Theme 2: Genetic Variation Within and Among Populations

• Focus: Genetic variation within and among populations.
• Topics:
  • Introduction: Genetic variation within and among populations.
  • Exercise: Population genetic analysis of teak (Part 1).
  • Introduction: Geographic population structure.
  • Exercise: Population genetic analysis of teak (Part 2).

Theme 3: Genetic Variation Among Species

• Focus: DNA barcoding and phylogenies.
• Topics:
  • Introduction: Taxonomy and barcoding.
  • Exercise: Genetic barcoding and phylogeny – Activity 1 (Barcoding).
  • Introduction: Construction of phylogeny.
  • Exercise: Genetic barcoding and phylogeny – Activity 2 (fylogenetisk analyse).
• Teachers: Dimitra Sergiadou and Ole K. Hansen.
• An approved report is compulsory to get access to examination.

Genetic Analysis of Variation Among Individuals

• Emphasis on using molecular markers when analyzing DNA.
• Many individuals genotyped.
• Markers are typically much more variable than sequences used in phylogenetic analysis.
• Goal: Determining the genetic identity of individuals.

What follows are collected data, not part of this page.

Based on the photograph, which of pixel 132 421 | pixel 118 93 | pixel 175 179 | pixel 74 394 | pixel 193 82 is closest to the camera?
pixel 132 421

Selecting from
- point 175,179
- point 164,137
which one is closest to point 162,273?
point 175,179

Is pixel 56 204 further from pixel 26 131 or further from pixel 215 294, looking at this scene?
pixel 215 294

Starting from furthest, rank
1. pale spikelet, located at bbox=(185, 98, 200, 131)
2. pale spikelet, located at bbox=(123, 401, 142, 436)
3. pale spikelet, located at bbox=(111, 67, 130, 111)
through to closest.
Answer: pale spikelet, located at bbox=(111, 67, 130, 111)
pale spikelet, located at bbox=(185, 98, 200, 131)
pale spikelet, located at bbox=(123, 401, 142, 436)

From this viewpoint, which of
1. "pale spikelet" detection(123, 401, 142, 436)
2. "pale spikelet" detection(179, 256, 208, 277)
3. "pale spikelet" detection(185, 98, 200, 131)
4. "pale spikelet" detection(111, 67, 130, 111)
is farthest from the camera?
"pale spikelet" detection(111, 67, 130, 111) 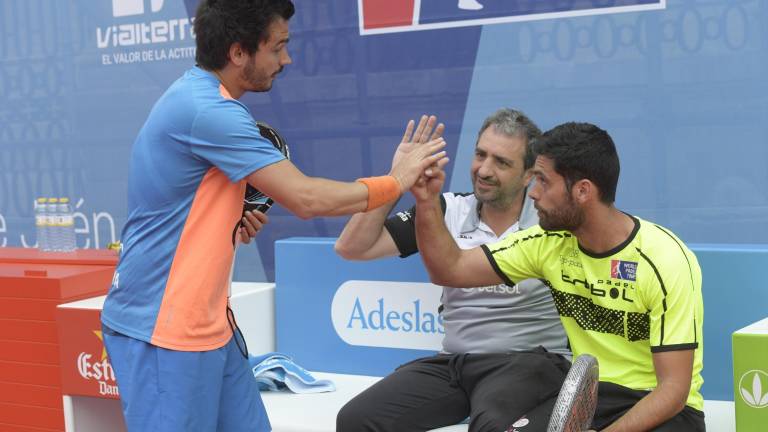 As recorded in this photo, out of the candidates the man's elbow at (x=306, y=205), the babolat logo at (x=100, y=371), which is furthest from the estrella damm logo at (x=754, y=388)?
the babolat logo at (x=100, y=371)

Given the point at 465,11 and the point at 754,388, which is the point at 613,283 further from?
the point at 465,11

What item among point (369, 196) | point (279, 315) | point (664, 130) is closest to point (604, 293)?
point (369, 196)

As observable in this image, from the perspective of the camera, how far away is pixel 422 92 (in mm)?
3619

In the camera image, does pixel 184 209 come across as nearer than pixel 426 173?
Yes

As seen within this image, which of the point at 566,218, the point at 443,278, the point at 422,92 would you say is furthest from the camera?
the point at 422,92

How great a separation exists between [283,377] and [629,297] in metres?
1.34

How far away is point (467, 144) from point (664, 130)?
2.35 feet

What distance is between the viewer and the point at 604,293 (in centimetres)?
249

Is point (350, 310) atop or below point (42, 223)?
below

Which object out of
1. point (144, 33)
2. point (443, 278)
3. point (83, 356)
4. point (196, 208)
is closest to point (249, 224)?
point (196, 208)

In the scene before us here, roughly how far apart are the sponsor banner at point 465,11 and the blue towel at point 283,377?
1.31 m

Different Types of Molecular Markers

• Isozymes (proteins).
• DNA markers based on Southern blotting with probes:
  • RFLP (Restriction Fragment Length Polymorphism).
  • VNTR (Variable Number of Tandem Repeats) – Minisatellites.
• PCR-based DNA markers:
  • Microsatellites or Single Sequence Repeats (SSRs).
  • SSCPs (Single Stranded Conformation Polymorphism).
  • RAPD Markers.
  • AFLPs (Amplified Restriction Fragment Polymorphism).
• DNA markers based on sequencing:
  • SNPs (Single Nucleotide Polymorphism).
• Timeline of development: 1970s-2000s.

Separation of Amplified Microsatellites by Gel Electrophoresis

• Microsatellites are amplified using primers (Primer A and Primer B).
• Example of three trees with different microsatellite genotypes:
  • Tree no. 1: Genotype 11 (ATATATAT TA TATATATA).
  • Tree no. 2: Genotype 12 (ATAT AT AT TA TA TA TATA).
  • Tree no. 3: Genotype 23 (AT AT AT AT AT TA TA TA TA TA TA TA TA).
• Microsatellite genotypes are given as the number of bases, e.g., $(166, 170)$ (heterozygote) or $(166, 166)$ (homozygote).

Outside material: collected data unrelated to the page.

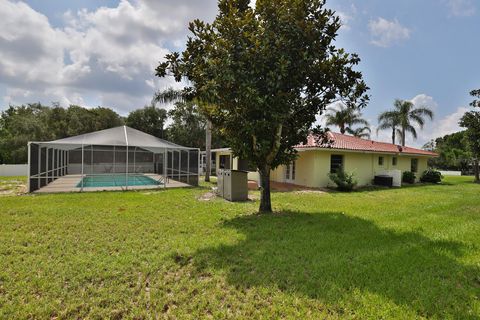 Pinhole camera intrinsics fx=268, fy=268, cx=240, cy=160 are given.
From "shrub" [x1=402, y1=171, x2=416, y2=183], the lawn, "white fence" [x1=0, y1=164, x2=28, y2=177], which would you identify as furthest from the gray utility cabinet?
"white fence" [x1=0, y1=164, x2=28, y2=177]

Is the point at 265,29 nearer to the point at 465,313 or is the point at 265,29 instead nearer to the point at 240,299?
the point at 240,299

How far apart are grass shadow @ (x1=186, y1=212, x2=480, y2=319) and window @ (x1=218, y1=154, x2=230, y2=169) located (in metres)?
17.4

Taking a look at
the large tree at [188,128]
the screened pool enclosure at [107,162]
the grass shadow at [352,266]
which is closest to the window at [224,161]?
the screened pool enclosure at [107,162]

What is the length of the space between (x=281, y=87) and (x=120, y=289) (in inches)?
204

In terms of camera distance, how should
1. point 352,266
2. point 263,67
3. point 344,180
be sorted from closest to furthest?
point 352,266
point 263,67
point 344,180

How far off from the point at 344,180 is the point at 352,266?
36.8 feet

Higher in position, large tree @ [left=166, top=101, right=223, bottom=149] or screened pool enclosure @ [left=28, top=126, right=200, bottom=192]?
large tree @ [left=166, top=101, right=223, bottom=149]

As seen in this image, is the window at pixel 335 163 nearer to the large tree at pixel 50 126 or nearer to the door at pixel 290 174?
the door at pixel 290 174

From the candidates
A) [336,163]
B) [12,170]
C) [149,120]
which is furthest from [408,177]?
[12,170]

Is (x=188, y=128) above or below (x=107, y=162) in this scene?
above

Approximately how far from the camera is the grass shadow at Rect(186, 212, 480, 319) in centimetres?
332

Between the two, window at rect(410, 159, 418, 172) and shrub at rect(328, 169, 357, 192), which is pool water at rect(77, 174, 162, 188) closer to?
shrub at rect(328, 169, 357, 192)

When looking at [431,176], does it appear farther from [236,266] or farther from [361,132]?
[236,266]

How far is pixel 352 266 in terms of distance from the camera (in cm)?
416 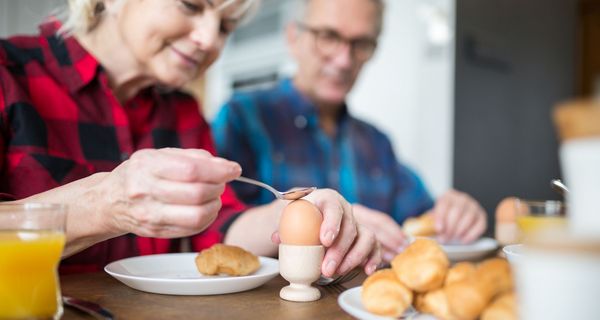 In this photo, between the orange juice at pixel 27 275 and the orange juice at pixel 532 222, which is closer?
the orange juice at pixel 27 275

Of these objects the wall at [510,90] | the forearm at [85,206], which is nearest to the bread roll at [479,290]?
the forearm at [85,206]

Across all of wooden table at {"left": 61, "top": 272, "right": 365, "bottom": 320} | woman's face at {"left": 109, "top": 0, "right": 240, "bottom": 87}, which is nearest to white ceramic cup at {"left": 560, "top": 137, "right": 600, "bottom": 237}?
wooden table at {"left": 61, "top": 272, "right": 365, "bottom": 320}

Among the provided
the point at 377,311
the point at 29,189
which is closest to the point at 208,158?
the point at 377,311

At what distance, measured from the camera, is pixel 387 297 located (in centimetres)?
62

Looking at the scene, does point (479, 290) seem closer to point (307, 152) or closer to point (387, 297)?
point (387, 297)

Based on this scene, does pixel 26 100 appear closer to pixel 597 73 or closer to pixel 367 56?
→ pixel 367 56

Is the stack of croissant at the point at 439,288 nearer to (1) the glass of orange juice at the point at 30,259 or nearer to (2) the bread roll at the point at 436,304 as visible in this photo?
(2) the bread roll at the point at 436,304

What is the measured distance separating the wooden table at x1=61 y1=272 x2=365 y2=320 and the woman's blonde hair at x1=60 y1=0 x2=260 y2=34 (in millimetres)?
677

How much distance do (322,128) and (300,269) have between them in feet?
4.74

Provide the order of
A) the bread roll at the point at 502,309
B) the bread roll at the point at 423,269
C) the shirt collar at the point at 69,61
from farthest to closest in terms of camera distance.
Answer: the shirt collar at the point at 69,61
the bread roll at the point at 423,269
the bread roll at the point at 502,309

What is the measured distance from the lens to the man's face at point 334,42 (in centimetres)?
202

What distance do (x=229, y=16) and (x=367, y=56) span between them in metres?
0.90

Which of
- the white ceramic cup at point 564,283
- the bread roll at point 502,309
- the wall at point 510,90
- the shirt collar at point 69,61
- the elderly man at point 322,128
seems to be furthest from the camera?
the wall at point 510,90

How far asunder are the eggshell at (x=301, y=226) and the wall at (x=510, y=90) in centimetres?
250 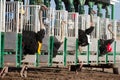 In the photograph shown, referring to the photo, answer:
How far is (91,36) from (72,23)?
1.64 metres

Introduction to Parentage Analysis

• Genetic fingerprinting is an important tool, e.g., in forensics (exercise "Blekingegadebanden revisited").
• Knowledge of parentage is crucial in inheritance matters (exercise "Family affairs").
• Applications beyond determining parentage:
  • Testing ecological or physiological hypotheses.
  • Variation in reproduction success.
  • Direct measures of gene flow.
  • Mating patterns.
  • Selection against self-fertilization (inbreeding), etc.

Introduction to Parentage Analysis II

• Continuum of situations with increasing complexity:
  • Simple experimental set up – parentage analysis with all potential parents known.
  • More complicated – some parents known – some not.
  • No parents known.
  • Further complexity: e.g., data of varying quality.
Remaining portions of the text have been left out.